*** Information supplied ***

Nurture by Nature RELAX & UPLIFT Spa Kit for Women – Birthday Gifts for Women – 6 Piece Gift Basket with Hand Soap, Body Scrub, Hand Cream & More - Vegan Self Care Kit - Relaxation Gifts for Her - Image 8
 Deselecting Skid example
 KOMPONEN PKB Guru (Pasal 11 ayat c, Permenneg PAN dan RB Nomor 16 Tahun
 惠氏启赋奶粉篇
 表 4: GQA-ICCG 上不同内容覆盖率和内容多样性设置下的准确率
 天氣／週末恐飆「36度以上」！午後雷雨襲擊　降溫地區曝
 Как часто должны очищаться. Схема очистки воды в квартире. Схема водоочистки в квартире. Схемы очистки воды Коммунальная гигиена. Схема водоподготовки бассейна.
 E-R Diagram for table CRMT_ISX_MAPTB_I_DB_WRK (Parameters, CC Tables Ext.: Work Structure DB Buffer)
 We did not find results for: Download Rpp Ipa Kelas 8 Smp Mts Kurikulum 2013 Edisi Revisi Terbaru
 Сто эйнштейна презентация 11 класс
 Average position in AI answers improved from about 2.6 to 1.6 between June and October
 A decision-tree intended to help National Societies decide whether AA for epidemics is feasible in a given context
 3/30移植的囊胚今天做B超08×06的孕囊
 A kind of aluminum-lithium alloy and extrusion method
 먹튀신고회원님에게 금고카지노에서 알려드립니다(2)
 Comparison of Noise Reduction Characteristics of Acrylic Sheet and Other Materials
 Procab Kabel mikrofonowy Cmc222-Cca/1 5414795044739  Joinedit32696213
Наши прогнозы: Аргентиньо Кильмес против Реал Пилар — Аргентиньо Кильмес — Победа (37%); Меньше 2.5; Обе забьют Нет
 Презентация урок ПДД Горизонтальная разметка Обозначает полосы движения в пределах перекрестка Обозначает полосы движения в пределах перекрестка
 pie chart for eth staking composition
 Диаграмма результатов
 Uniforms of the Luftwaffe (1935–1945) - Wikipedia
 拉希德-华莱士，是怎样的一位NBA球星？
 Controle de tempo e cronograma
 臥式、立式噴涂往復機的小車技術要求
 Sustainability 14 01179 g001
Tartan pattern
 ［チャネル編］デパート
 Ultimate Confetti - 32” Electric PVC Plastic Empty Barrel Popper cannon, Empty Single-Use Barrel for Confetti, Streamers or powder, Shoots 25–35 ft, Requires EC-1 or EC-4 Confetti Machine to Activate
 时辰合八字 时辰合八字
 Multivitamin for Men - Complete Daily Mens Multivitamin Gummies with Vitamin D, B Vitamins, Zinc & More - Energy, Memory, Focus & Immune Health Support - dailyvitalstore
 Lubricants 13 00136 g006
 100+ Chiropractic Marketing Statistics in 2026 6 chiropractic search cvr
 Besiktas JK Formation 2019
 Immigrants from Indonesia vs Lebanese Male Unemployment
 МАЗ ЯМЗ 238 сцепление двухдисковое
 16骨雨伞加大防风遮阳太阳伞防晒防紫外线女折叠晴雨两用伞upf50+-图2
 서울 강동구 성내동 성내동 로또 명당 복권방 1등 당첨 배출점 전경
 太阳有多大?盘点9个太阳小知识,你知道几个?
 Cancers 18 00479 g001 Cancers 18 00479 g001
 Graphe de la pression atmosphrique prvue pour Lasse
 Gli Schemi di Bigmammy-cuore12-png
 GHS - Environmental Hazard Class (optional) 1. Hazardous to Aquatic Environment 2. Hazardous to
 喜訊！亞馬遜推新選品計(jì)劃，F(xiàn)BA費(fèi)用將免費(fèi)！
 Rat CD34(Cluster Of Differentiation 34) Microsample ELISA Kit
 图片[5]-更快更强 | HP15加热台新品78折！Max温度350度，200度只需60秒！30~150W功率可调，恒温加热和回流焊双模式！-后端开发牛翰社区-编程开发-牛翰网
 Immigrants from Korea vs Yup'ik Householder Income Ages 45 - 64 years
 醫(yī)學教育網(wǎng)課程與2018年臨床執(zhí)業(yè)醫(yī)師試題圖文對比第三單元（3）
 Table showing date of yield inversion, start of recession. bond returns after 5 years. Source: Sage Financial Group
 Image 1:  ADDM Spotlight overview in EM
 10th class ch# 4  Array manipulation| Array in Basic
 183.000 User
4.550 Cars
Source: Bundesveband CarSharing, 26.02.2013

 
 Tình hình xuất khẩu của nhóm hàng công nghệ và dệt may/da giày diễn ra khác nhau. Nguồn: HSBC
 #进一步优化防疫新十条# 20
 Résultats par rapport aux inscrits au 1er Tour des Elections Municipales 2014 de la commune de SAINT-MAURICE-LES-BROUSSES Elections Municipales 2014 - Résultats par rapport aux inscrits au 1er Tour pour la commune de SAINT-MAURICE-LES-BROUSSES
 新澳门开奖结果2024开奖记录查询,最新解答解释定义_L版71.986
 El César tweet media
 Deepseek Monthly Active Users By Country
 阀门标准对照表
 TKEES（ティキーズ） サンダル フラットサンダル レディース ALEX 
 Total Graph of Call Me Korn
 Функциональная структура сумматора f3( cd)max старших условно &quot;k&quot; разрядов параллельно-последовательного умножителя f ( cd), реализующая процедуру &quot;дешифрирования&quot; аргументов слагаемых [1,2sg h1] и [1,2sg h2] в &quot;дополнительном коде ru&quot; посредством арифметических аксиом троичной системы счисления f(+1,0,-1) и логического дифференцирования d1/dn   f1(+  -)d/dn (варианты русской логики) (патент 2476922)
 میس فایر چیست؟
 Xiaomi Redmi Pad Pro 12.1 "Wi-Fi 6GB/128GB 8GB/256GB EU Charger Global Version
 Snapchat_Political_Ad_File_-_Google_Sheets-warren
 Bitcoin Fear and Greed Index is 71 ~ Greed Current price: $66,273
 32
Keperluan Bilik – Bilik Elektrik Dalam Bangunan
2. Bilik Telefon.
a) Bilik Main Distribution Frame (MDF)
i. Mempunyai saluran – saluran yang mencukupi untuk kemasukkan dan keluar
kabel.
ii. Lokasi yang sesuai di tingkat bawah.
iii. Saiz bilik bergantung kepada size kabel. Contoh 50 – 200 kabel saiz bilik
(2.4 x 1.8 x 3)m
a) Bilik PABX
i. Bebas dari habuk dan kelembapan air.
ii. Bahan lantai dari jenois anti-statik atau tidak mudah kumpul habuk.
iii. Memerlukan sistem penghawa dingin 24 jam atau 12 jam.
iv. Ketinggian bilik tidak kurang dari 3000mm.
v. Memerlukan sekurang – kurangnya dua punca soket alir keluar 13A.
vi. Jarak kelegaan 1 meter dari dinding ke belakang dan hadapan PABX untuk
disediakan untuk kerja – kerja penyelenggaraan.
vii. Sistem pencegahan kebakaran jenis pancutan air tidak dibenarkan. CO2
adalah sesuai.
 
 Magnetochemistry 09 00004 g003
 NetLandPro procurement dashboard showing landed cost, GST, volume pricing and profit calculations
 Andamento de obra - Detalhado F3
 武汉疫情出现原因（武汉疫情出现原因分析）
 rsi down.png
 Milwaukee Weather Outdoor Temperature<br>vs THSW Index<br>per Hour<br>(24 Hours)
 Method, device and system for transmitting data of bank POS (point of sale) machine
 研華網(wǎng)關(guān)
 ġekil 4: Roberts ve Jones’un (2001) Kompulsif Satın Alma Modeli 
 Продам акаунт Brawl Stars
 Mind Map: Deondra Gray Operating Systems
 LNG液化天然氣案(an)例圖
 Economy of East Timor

***

Copy out only the lines above from the one with "TKEES（ティキーズ） サンダル フラットサンダル レディース ALEX" to the one with "Total Graph of Call Me Korn", inclusive, exactly as they stand.

Exercise solution:
 TKEES（ティキーズ） サンダル フラットサンダル レディース ALEX 
 Total Graph of Call Me Korn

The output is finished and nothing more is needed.